Suriye dahil Ortadoğu’daki savaş, yeniden paylaşımın nerede, hangi coğrafyada yapılmakta olduğunun da göstergesidir. Lokal anlaşma ve uzlaşmalar ayrışmanın, saflaşma ve kapışmanın özünü değiştirmiyor. Yeni düzen için henüz aktörler “peşrev” aşamasında ise de artık geri dönüşü yok. Paylaşım mücadelesi sıcak savaşı da içerecek şekilde başlamıştır. ABD’nin gerçekte Rakka’ya girme hesabı, IŞİD’i temizlemeye değil alan tutmaya dayanıyor; Deyr Ez Zor’a helikopterle IŞİD’çi taşıma ihtiyacı duyması da Musul’un Sünni aşiretlerde kalmasını sağlayacak atraksiyonları da bu çerçevede değerlendirilmelidir.

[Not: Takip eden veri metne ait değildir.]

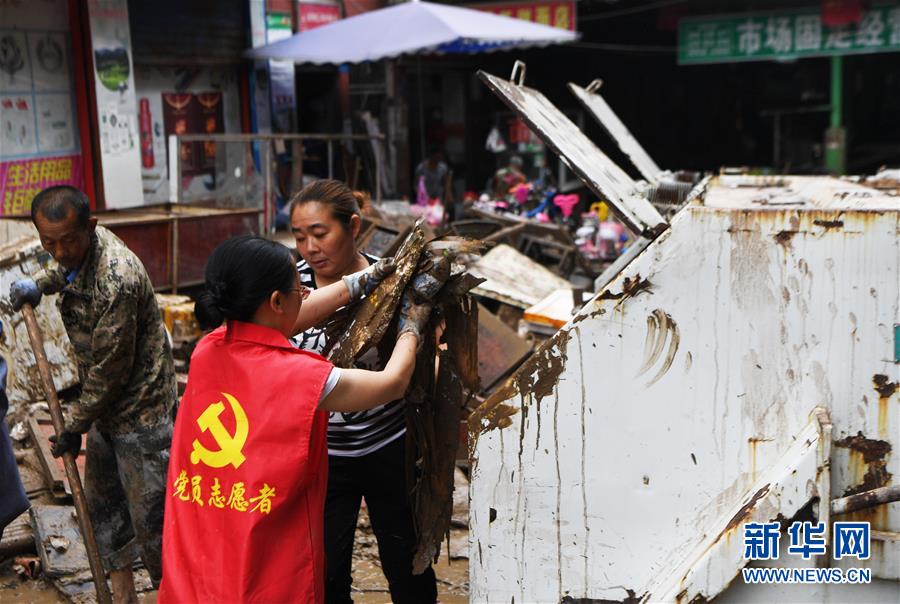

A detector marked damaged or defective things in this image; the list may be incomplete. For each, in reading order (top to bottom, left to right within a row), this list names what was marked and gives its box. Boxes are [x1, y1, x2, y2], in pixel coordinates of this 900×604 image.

İşte “Başkanlık, kimlerin çıkarınadır; ne yapılmak isteniyor da Erdoğan’a sıfır denetimli sonsuz yetki veriliyor?” sorusu, yukarıdaki gerçekler eşliğinde değerlendirilmelidir. Diğer bir ifadeyle otoriter bir rejimin amaçlandığı doğru ama “ne için otorite” sorusunun da yanıtlanması gerekiyor.
Yukarıdaki fotoğraf, referandum sonucu ne olursa olsun AKP’nin/Erdoğan’ın neden hesaplarından vazgeçmeyeceğinin göstergesidir. Aynı zamanda Hayır’ı neden kesintisiz ve örgütlü biçimde 17’sine taşımak gerektiğinin değerlendirmesidir.